→ Recorded information:

--------

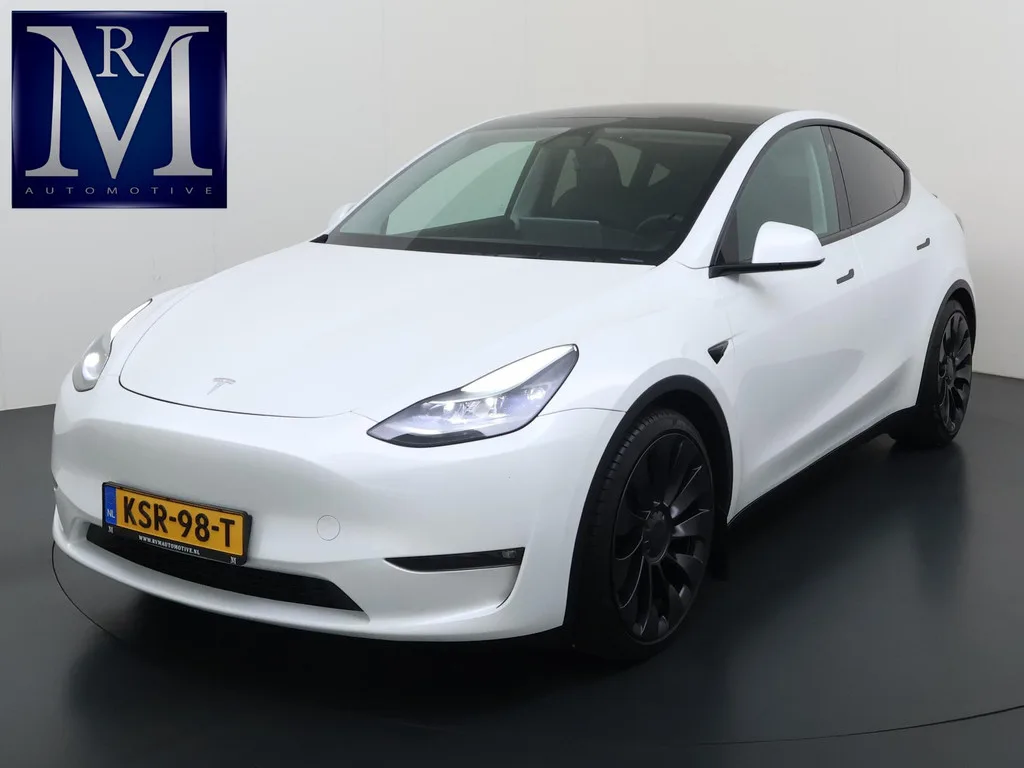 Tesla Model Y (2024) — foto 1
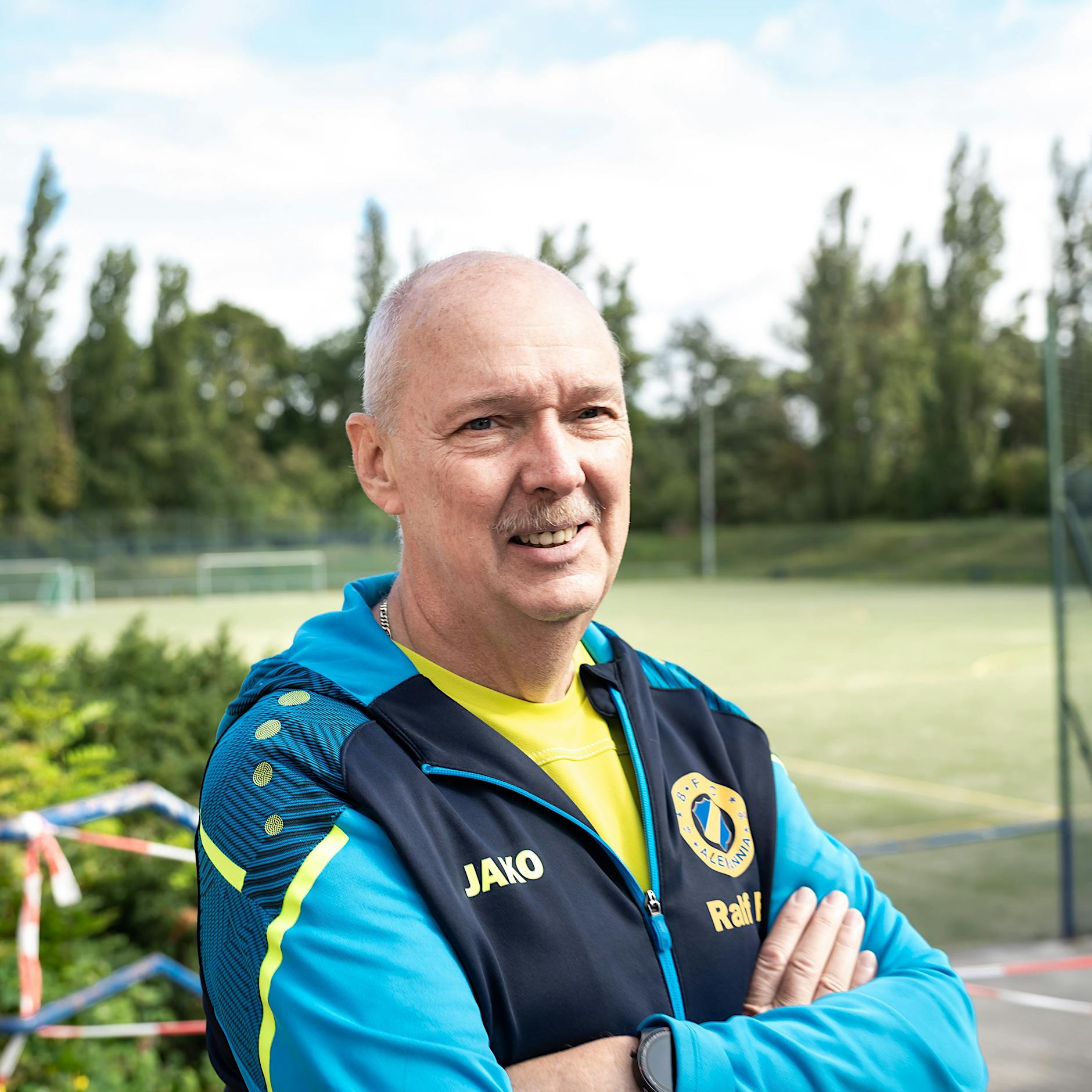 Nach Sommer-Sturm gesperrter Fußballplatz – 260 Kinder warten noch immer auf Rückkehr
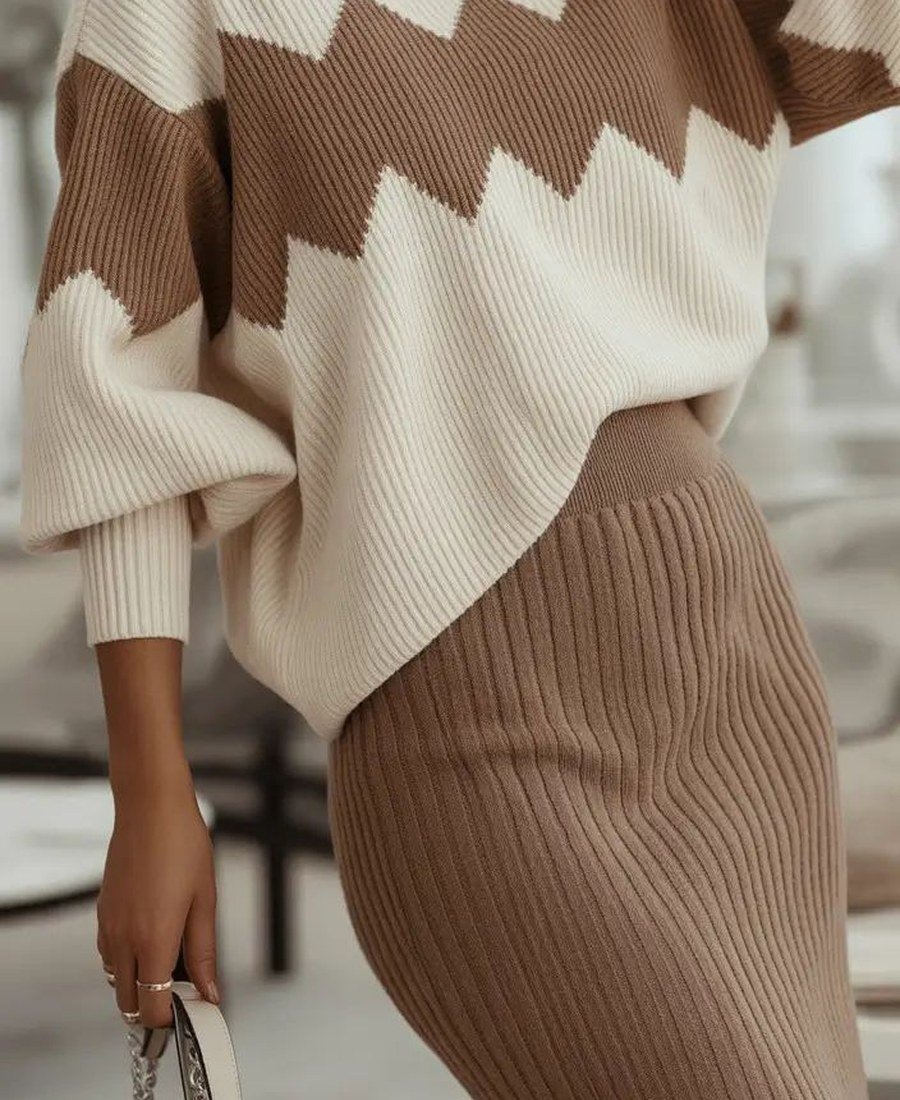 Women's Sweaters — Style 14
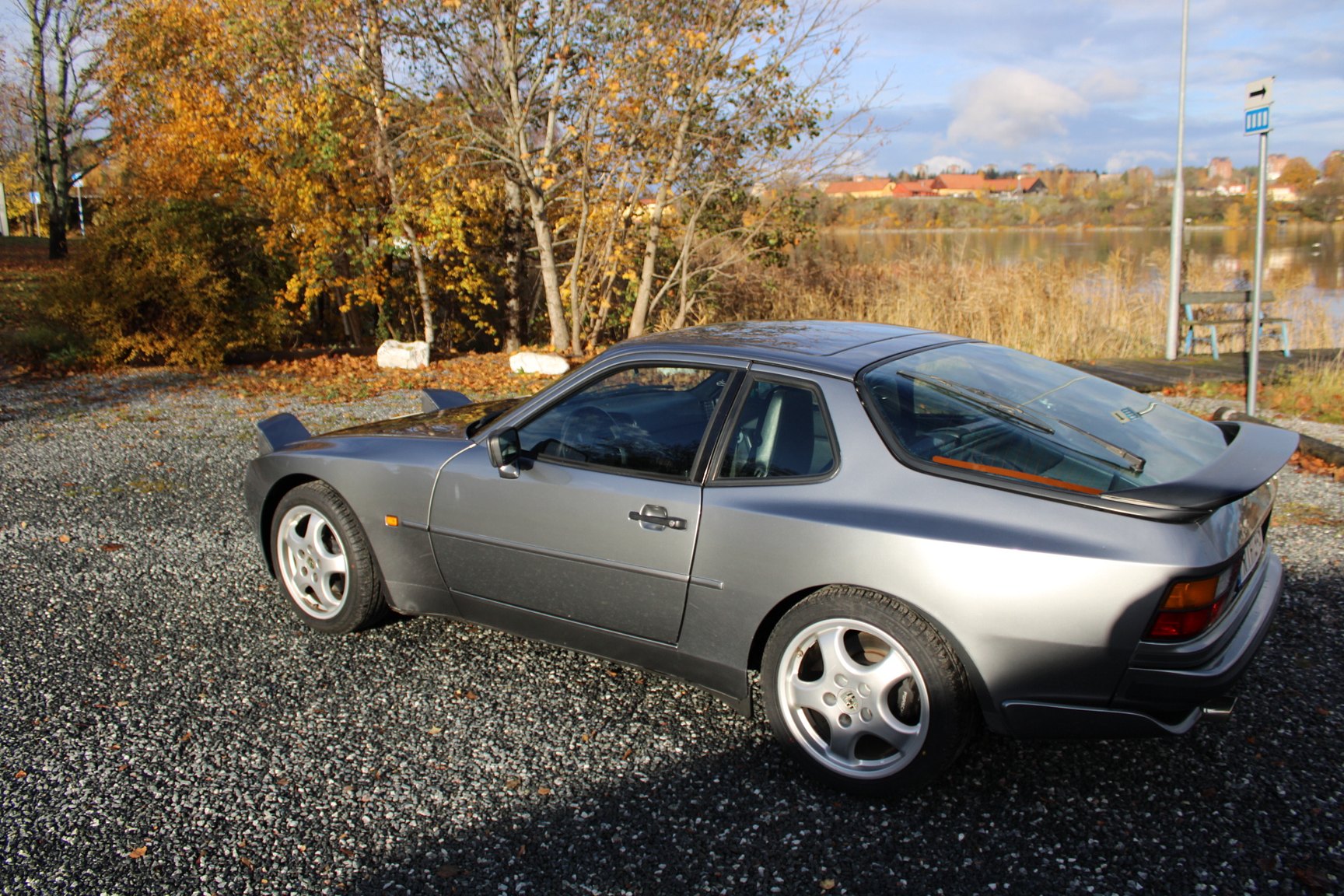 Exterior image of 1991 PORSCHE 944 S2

--------

→ Exercise: In the copy you write, the data above must appear exactly, with no pictures.

→ Task solution:
 Tesla Model Y (2024) — foto 1
 Nach Sommer-Sturm gesperrter Fußballplatz – 260 Kinder warten noch immer auf Rückkehr
 Women's Sweaters — Style 14
 Exterior image of 1991 PORSCHE 944 S2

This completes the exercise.